The Annual National Data Report to Inform Trends and Patterns in Drug-Impaired Driving, explores some of the early data on drug-impaired driving in Canada before and after legalization, as well as some of the limitations in gathering that data and attempts to improve upon them. The report is the result of a Federal/Provincial and Territorial (FPT) working group (WG) on Drug-Impaired Driving (DID).
As part of cannabis legalization, the Canadian government passed new legislation giving more tools and resources to law enforcement and also began working to identify how to properly track impaired driving statistics across various provincial, territorial, and municipal jurisdictions.

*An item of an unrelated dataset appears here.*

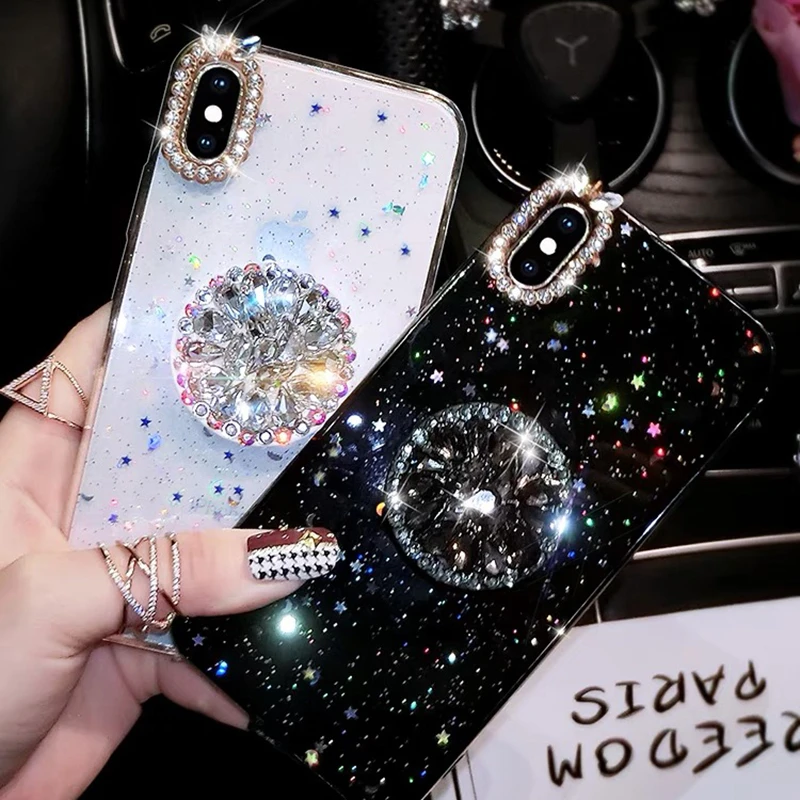 Glitter marble diamond ring holder silicone phone case for iphone 12 Pro 7 8 6 S plus X XR XS 11 Pro MAX for samsung S8 S9 S10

Although the data is still too early to draw any meaningful trends, the process of how it is being gathered is itself an interesting look at how to measure policy objectives. It also provides an interesting look at some of the challenges of gathering that data across different jurisdictions with different enforcement and research priorities.

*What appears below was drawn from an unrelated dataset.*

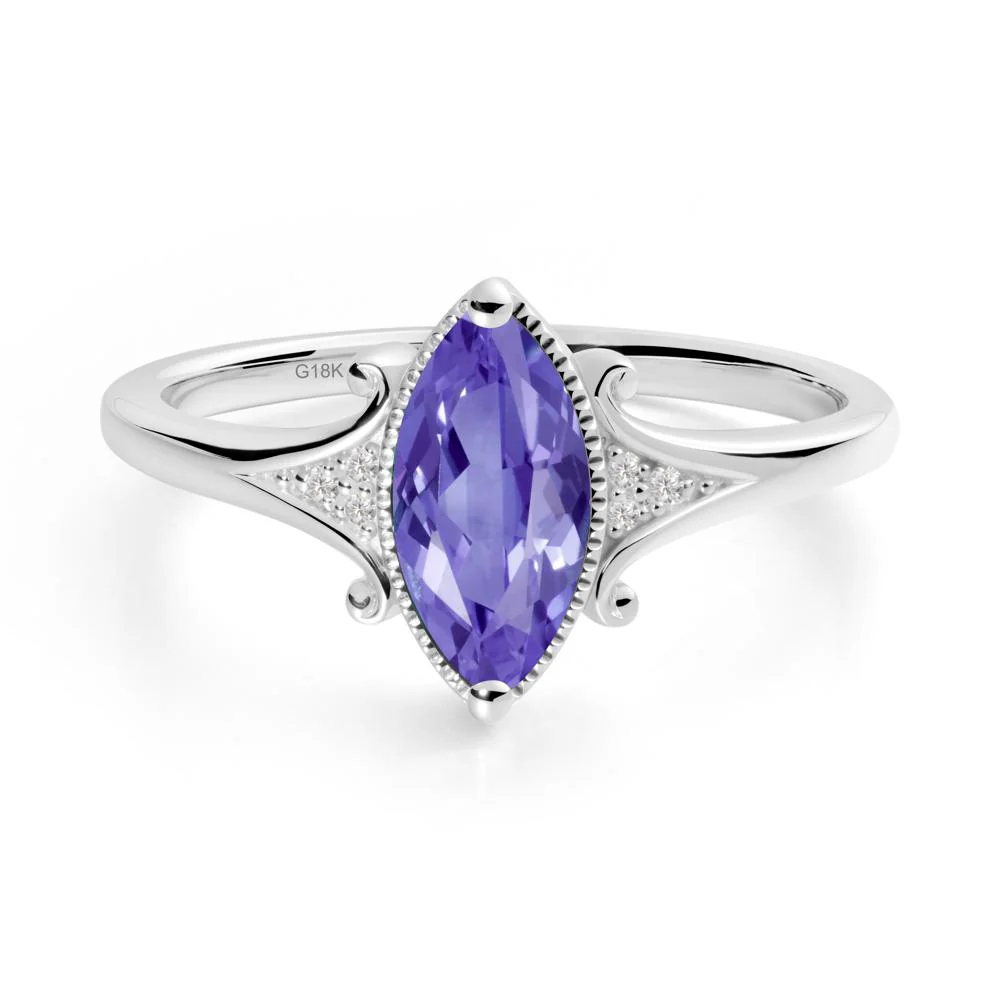 Marquise Tanzanite Milgrain Halo Ring - Image 9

The working group, for example, had to first establish a set of indicators for how jurisdictions were asked to collect, collate and report data around impaired driving, as well as work towards creating even more methods for future collection.
Part of the baseline for statistics on drug-impaired driving come from new rules implemented in 2008, including the Standardized Field Sobriety Tests (SFST) used at the roadside (walk and turn, one leg stand, horizontal gaze) and the Drug Recognition Evaluation conducted at the police station by a certified drug recognition expert (DRE).
This interest in gathering data to measure what, if any, changes there are in cannabis-impaired driving incidents post-legalization is not only due to legalization, but a trend over the last decade showing an increase in drug-impaired driving incidents, including cannabis-impaired driving (around 70% of cases of DID being attributed to cannabis).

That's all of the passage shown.